One of the books I’m currently reading is Donald Miller’s, Searching for God Knows What. Donald Miller gives the reader much to reflect upon, going straight to the heart with honesty and intelligence while writing in a deceptively simple but beautiful style.
I, like much of the human race, tend to be self referential in conversation and relationship but Donald Miller put this into words when he wrote of how rare a thing it is for someone to lose themselves in the presence of other human beings. Further on in the same chapter, talking again about relationship, he mentioned how we will close ourselves off at the least sign of danger. Again, I put up my hand. I don’t like it, but I admit; too often “It’s all about me.”
Recently something I had offered was not received as I expected. It would cost me something, but I thought that the person had need of what I offered; me; a gift of time.
The person’s apparently diffident response, elicited an emotional response. The need seemed to be less pressing than I thought and I felt as if my offer was not valued. Later I realized that what I read as diffidence was not; it was more complicated, as human interactions are; but this was how I felt at the time.
As I quieted my heart to pray, the feelings came back, but more than the feelings. I remembered the one who gave himself completely for me and for the world; one who stepped from eternity into the realm of time and earth.
I remembered the words from John 1:10-11, He was in the world, and though the world was made through him, the world did not recognize him. He came to that which was his own, but his own did not receive him.

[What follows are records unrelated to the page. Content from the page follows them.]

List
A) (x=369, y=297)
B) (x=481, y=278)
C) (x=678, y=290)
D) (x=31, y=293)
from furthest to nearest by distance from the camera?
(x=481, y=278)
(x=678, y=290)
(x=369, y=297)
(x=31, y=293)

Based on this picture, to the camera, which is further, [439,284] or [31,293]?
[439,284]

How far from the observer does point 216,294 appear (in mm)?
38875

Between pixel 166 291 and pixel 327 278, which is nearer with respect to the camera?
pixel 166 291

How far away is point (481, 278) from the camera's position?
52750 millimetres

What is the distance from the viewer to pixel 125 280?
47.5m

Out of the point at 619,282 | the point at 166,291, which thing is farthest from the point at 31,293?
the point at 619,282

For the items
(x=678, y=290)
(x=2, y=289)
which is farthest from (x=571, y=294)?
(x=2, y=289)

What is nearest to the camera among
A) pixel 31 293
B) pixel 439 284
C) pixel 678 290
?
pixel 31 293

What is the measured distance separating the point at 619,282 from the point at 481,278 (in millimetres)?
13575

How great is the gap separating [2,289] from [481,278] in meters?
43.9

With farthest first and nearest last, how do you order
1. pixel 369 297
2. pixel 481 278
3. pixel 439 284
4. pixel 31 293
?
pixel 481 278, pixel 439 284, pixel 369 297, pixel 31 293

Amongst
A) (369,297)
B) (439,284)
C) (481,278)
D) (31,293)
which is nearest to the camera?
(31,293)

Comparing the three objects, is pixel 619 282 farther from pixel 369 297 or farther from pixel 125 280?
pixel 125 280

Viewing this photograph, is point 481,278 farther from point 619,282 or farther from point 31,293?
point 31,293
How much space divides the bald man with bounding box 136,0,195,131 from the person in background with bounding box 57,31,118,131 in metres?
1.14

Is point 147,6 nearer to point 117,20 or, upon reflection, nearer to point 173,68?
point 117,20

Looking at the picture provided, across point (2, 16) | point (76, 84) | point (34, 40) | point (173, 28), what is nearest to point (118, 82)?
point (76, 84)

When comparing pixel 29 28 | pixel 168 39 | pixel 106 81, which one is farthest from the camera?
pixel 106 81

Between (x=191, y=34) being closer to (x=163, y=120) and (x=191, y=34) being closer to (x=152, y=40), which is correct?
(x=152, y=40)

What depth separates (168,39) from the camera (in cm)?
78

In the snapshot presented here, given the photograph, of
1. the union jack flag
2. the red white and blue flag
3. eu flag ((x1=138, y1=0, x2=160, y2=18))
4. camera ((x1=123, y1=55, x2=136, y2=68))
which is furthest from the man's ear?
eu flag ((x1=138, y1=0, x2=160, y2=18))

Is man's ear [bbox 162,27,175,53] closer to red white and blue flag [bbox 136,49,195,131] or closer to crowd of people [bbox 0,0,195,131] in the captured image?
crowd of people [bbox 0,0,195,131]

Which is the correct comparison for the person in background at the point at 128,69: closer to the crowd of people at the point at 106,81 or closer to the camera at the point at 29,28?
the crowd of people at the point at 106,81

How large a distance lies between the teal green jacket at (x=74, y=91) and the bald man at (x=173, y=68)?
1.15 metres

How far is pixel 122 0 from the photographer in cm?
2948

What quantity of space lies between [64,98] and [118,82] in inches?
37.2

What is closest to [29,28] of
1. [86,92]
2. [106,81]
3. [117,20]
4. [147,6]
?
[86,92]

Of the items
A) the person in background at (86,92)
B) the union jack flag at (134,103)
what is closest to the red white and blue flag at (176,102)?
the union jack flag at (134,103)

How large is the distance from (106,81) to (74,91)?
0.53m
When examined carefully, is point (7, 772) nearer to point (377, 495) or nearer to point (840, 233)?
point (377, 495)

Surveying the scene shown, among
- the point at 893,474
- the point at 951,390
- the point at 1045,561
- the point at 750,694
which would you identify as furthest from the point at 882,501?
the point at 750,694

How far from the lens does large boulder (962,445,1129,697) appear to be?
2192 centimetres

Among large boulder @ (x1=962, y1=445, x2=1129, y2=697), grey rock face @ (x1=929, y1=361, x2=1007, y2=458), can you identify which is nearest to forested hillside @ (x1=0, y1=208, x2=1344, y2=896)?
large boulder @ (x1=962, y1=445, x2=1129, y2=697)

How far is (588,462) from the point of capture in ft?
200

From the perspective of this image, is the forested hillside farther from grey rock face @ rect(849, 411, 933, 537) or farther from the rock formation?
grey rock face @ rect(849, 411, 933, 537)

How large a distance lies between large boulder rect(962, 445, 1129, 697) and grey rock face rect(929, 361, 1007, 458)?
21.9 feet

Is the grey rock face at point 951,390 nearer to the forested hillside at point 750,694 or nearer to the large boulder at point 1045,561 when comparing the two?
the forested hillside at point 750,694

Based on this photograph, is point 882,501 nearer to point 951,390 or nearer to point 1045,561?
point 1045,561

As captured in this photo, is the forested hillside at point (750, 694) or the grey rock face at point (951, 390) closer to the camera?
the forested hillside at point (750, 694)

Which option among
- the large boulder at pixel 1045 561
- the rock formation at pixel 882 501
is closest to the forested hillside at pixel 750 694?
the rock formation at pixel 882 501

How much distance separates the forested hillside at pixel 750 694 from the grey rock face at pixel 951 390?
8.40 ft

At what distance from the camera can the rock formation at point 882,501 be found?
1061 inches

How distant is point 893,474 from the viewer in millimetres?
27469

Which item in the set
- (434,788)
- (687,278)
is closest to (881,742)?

Although he was the King of kings, there was no royal welcome for him. Later, his closest friends misunderstood him and lacked a full awareness of the gift of his presence.

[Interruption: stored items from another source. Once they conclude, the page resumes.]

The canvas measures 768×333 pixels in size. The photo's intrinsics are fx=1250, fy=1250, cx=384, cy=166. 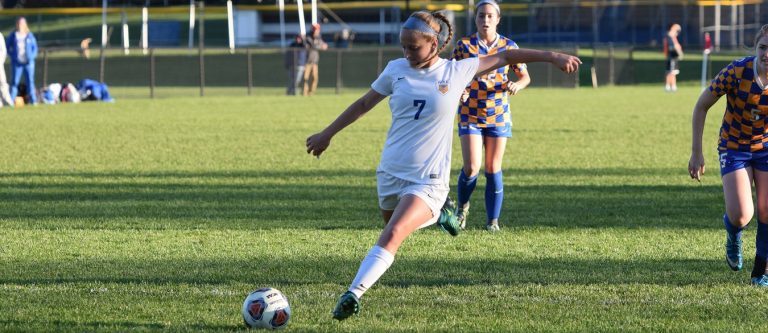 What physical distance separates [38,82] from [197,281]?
2934 cm

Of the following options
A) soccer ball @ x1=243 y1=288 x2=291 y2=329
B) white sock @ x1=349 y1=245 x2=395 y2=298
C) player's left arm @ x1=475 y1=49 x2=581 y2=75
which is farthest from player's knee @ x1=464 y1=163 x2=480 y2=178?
soccer ball @ x1=243 y1=288 x2=291 y2=329

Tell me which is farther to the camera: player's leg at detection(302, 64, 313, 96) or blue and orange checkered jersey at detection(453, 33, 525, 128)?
player's leg at detection(302, 64, 313, 96)

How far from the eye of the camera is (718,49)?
45812 mm

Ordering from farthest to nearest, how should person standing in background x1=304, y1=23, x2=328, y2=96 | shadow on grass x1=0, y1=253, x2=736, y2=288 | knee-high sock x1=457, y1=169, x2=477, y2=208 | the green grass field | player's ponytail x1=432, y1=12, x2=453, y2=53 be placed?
person standing in background x1=304, y1=23, x2=328, y2=96, knee-high sock x1=457, y1=169, x2=477, y2=208, shadow on grass x1=0, y1=253, x2=736, y2=288, the green grass field, player's ponytail x1=432, y1=12, x2=453, y2=53

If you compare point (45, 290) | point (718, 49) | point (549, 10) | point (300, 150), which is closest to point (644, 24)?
point (549, 10)

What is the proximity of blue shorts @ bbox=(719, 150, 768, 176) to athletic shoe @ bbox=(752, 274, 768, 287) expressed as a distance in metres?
0.63

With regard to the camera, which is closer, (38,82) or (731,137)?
(731,137)

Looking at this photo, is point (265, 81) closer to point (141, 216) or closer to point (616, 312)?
point (141, 216)

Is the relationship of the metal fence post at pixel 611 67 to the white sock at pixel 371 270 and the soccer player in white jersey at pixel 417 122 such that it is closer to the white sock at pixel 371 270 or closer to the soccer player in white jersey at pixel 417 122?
the soccer player in white jersey at pixel 417 122

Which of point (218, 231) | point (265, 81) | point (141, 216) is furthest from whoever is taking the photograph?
point (265, 81)

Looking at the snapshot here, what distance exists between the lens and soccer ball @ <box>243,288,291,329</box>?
19.1 feet

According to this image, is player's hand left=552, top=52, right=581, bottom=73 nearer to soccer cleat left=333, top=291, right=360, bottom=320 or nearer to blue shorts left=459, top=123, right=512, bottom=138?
soccer cleat left=333, top=291, right=360, bottom=320

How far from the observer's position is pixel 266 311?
583 cm

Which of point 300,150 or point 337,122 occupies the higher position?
point 337,122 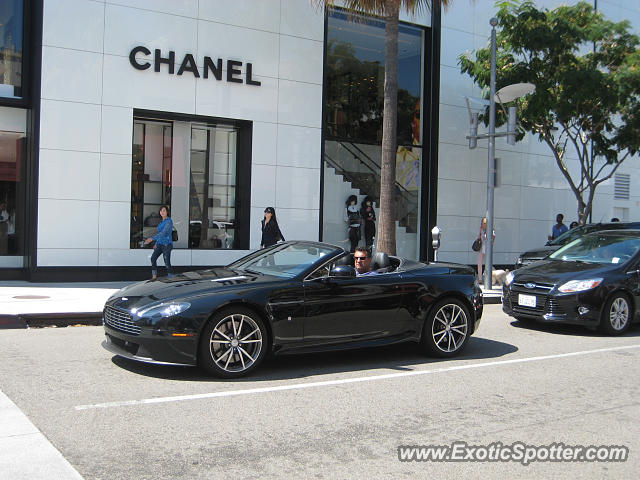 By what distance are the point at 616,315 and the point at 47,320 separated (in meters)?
8.79

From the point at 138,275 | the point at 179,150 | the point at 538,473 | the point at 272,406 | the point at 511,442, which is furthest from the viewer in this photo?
the point at 179,150

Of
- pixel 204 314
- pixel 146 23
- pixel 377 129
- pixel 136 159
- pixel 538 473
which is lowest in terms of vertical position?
pixel 538 473

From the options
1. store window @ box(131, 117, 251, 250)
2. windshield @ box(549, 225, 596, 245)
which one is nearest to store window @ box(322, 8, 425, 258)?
store window @ box(131, 117, 251, 250)

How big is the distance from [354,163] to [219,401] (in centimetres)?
1334

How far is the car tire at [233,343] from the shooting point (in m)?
6.06

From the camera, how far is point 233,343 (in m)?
6.18

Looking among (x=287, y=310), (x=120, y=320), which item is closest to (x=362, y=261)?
(x=287, y=310)

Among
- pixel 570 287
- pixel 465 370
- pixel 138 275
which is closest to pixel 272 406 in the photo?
pixel 465 370

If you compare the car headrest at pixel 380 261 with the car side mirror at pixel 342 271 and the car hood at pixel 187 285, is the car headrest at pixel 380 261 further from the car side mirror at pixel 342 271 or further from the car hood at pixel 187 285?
the car hood at pixel 187 285

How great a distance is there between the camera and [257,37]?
635 inches

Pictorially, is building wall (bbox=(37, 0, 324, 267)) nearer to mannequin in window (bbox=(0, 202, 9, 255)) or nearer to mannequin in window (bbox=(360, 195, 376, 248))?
mannequin in window (bbox=(0, 202, 9, 255))

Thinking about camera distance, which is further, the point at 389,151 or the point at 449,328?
the point at 389,151

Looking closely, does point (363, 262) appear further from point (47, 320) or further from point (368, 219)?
point (368, 219)

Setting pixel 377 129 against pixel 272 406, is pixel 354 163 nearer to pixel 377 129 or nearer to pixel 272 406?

I am his disciple, but how easy it is to forget who it is that I am following. I follow one who was despised and rejected to the end; one who offered his followers nothing more than this, and who is recorded in Matthew 10: 24-25 to have said:
"A student is not above his teacher, nor a servant above his master. It is enough for the student to be like his teacher, and the servant like his master. If the head of the house has been called Beelzebub, how much more the members of his household!”
It has been said that God allows our hearts to be offended in order to reveal what is there. This situation revealed a heart of pride, full of self importance, quick to take offence, rather than a heart of humility.

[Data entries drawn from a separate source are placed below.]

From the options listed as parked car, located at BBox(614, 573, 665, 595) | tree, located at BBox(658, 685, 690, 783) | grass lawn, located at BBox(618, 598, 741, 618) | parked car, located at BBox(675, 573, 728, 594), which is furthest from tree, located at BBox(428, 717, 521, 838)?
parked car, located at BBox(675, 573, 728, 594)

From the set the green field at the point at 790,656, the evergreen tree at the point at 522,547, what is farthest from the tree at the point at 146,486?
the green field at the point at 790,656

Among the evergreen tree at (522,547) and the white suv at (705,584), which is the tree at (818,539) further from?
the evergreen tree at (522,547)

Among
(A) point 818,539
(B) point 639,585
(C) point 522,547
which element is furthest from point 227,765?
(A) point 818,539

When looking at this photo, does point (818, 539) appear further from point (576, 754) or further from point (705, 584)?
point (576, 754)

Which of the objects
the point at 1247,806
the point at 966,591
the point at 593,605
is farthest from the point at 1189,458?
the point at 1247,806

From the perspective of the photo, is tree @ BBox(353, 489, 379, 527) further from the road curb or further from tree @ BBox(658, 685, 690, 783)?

Christ came knowing that the ones who needed him would scorn and reject him; yet he still came. He was crucified by those he came to save; and his response was love in its purest form; “Father forgive them, for they know not what they do.”
As I think of Jesus’ gift of self, I know that I have never come close to fully appreciating all that he gave and what it cost. To many he is not even acknowledged for who he is. Even as we celebrate his coming to earth, much can distract us from the sacred and the holy if we do not guard it, seeking it with all the diligence of the Wise Men.
So my prayer during this waiting time before Christmas is that I would fully honour him and fully appreciate his gift of salvation, expressing gratitude in word and attitude, moment by moment. And I want to warm my heart at the fire of his love.